▶ _TASK PROMPT_: A word-for-word reproduction of the data below is needed, with no pictures in it.

▶ _PROVIDED MATERIAL_:
↓↓↓

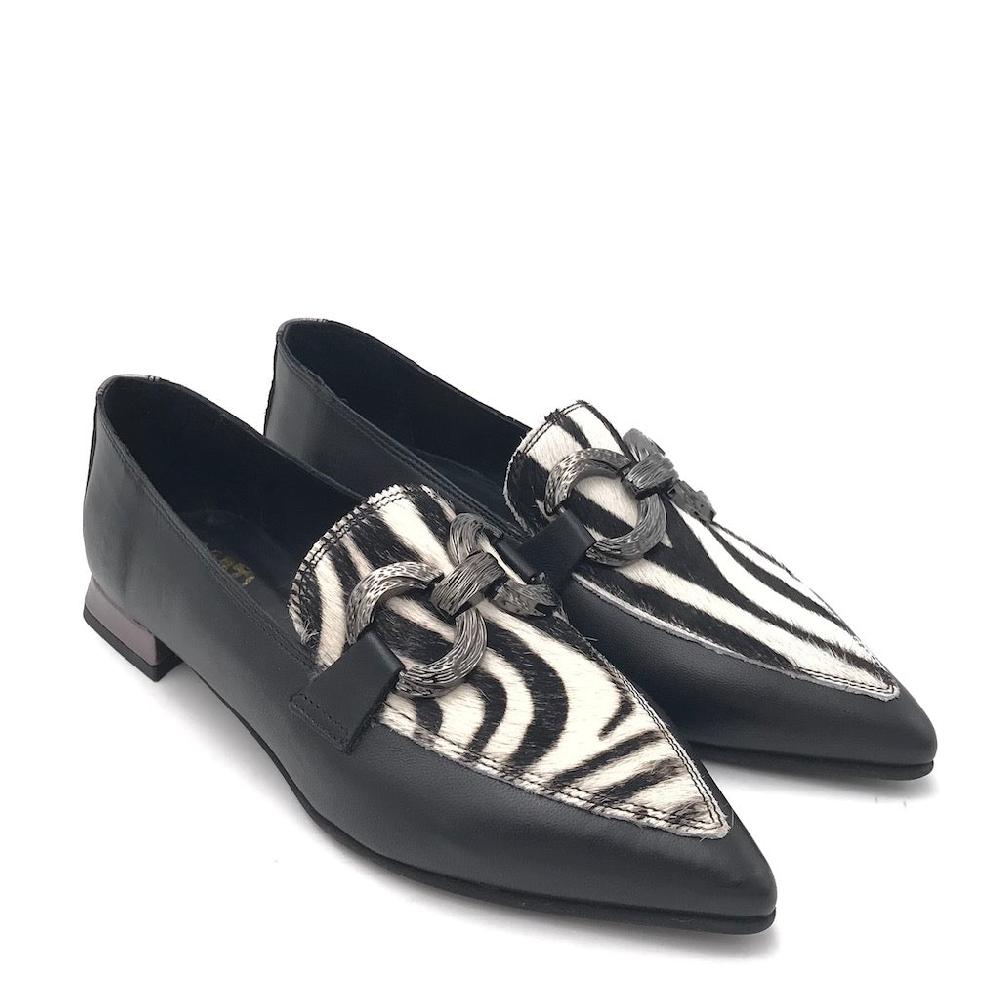 Zulian Calzature Mocassino zebra pelle nera 2025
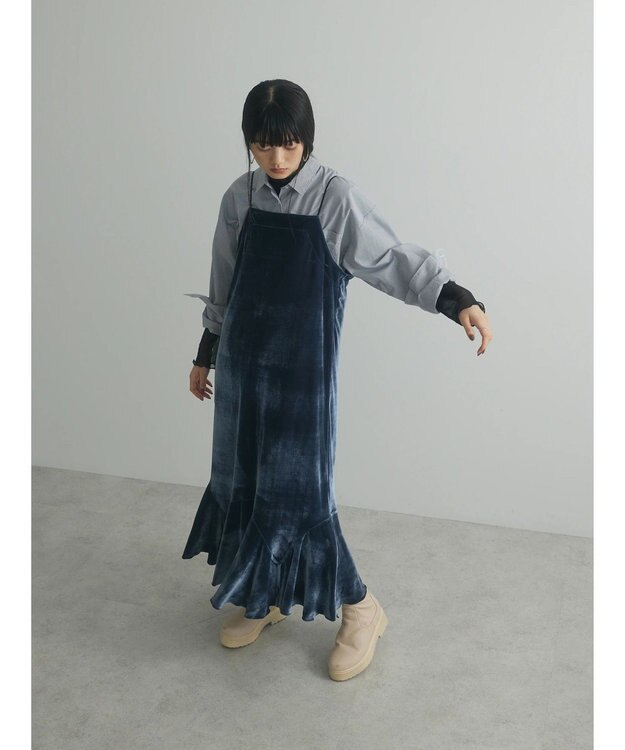 Green Parks armonia．ベロアキャミワンピース Blue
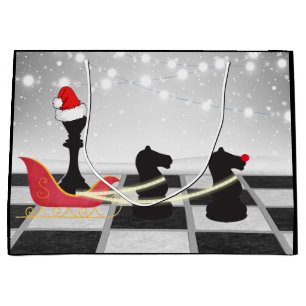 Chess Santa Claus and Reindeer Christmas Large Gift Bag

↑↑↑

▶ _WRITTEN SOLUTION_:
 Zulian Calzature Mocassino zebra pelle nera 2025
 Green Parks armonia．ベロアキャミワンピース Blue
 Chess Santa Claus and Reindeer Christmas Large Gift Bag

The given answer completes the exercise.